Abstract

Analyses of enzymes from various metabolic pathways in pulmonary carcinoid tumors and radiological measurements of their volume increase were compared with those for lung carcinomas of various cell types. The results describe new biochemical features in carcinoid tumors, present the first quantitative evidence for their slow growth rate (i.e., long doubling time) in vivo, and show that measurement of 2 or 3 appropriate enzymes in biopsy samples can guard against instances in which carcinoids and adeno- or oat cell carcinomas are mistaken for one another on histological examination.
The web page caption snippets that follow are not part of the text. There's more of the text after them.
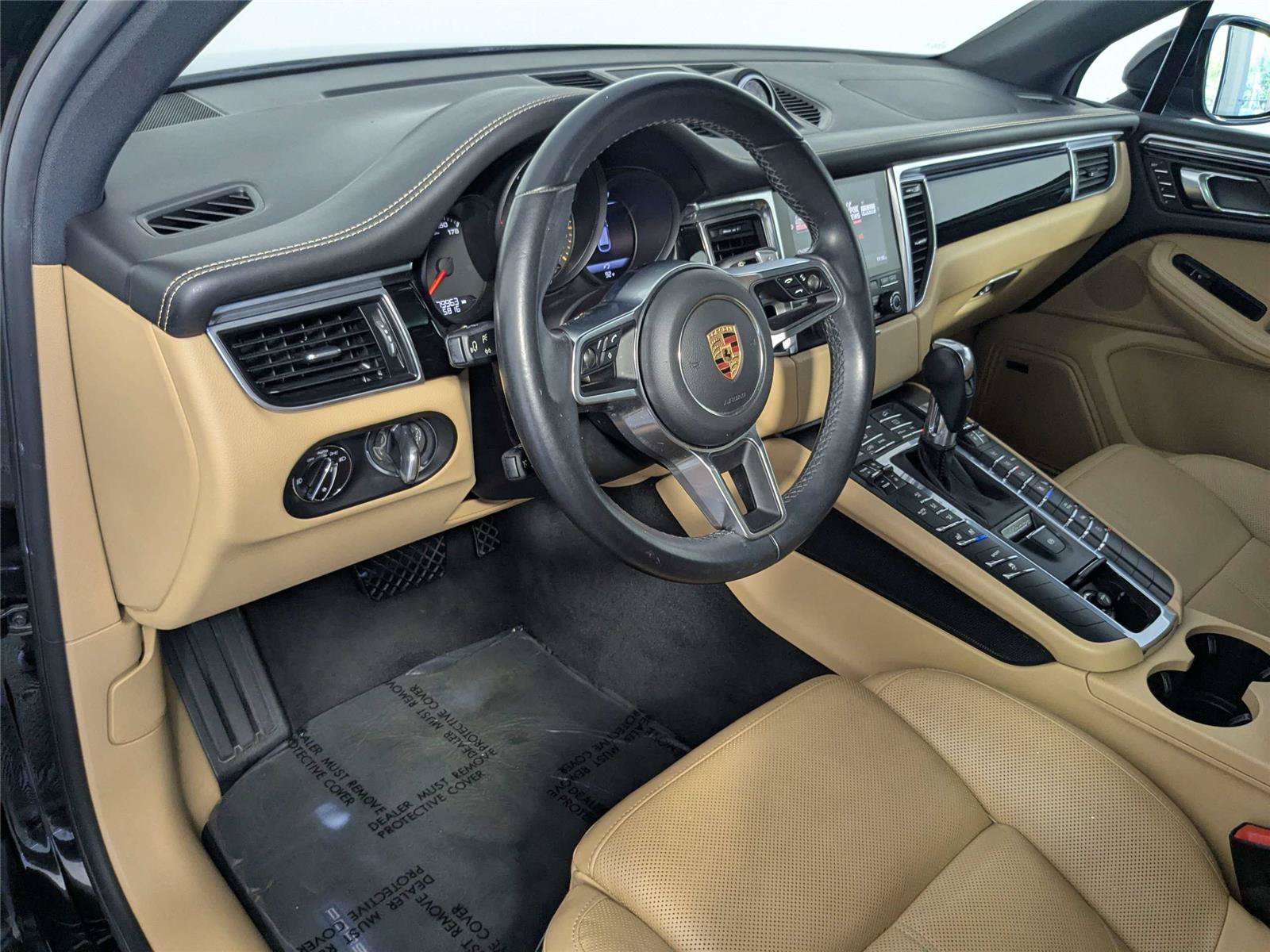 Used 2017 Porsche Macan AWD/4WD image 12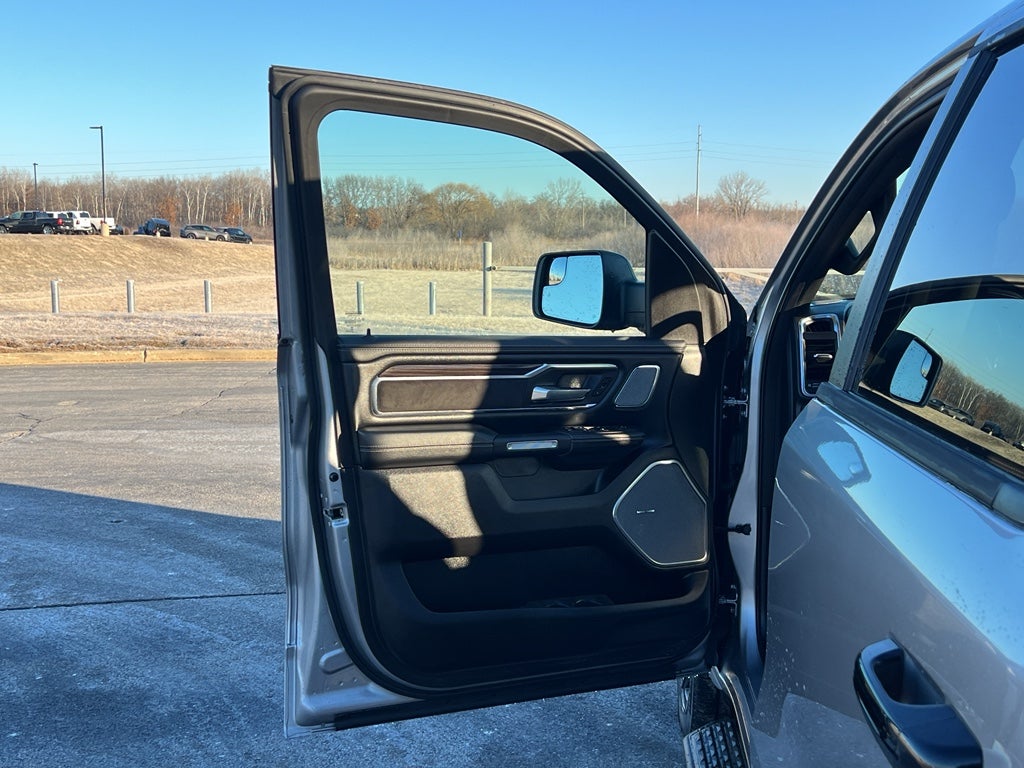 2025 RAM 1500 Laramie Night Edition w/Moonroof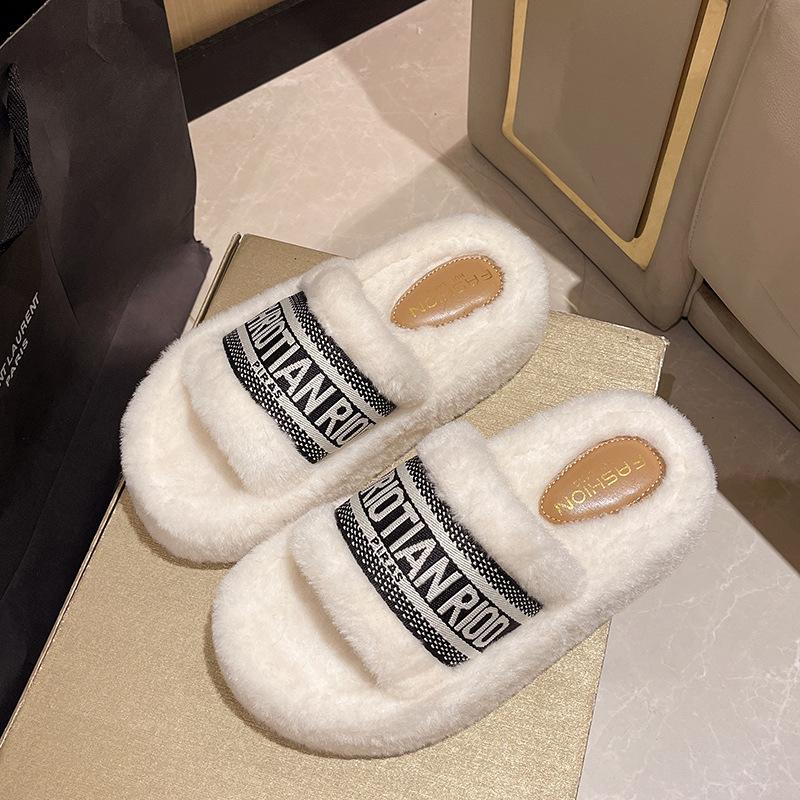 Thick-soled Fluffy Slippers Women Wear 2025 New Autumn and Winter Fashion Plush Shoes Go Out Internet Celebrity Foreign Gas Cotton Mop
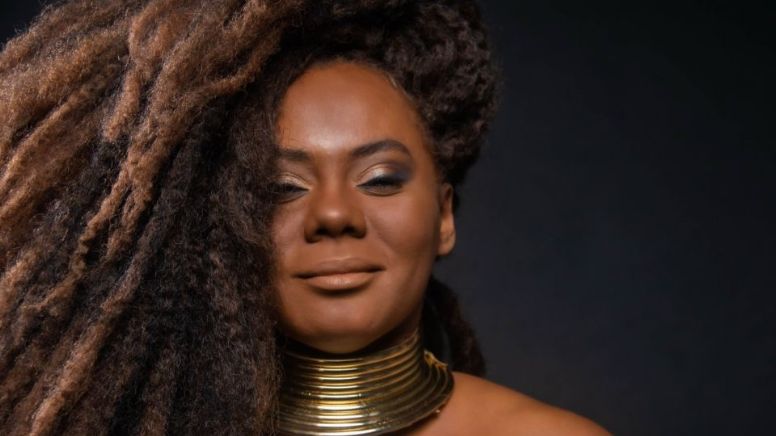 Cantora baiana conecta música e ancestralidade em apresentação no Sesc Santos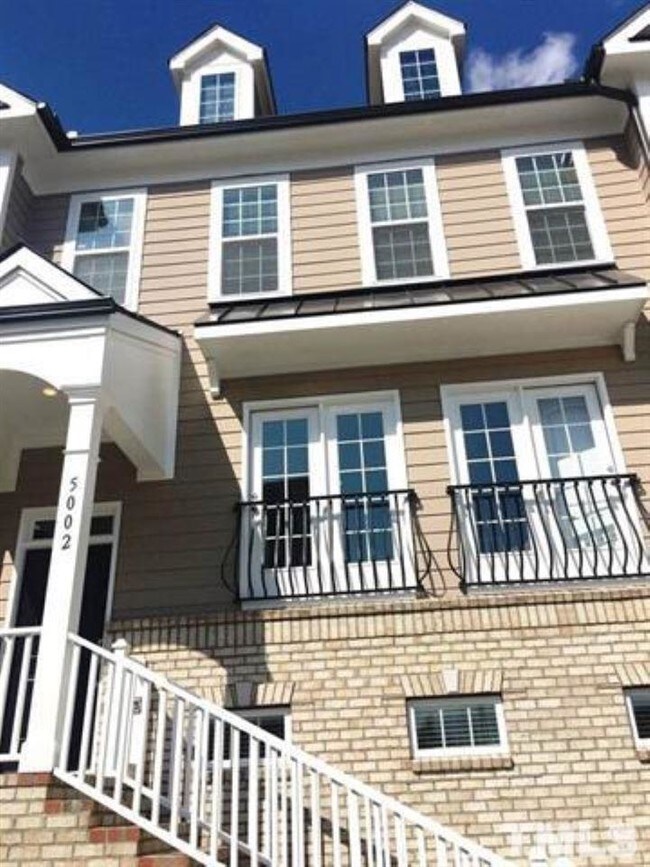 Foto del edificio - 5002 Reedybrook Crossing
The uridine kinase to thymidine kinase ratio as well as the beta-galactosidase concentration of carcinoid tumors were 5 times higher than of carcinomas, and their gamma-glutamyl transpeptidase was below that of all 35 adeno- and the 11 squamous cell carcinomas. Thymidine kinase, which bears a quantitative inverse correlation to volume doubling time (irrespective of cell type), had much lower titers in the 9 carcinoids than in the 6 oat cell carcinomas and reflects most clearly their very different (despite common histogenesis) clinical malignancy. Owing to their long doubling time, carcinoid tumors on the average required a much longer period (40.5 years) to attain final volume than did carcinomas (17.8 years). The calculated mean age of the subjects when growth began, -0.5 years (as opposed to 51 years for carcinomas), suggests a prenatal or early childhood inception for pulmonary carcinoid tumors.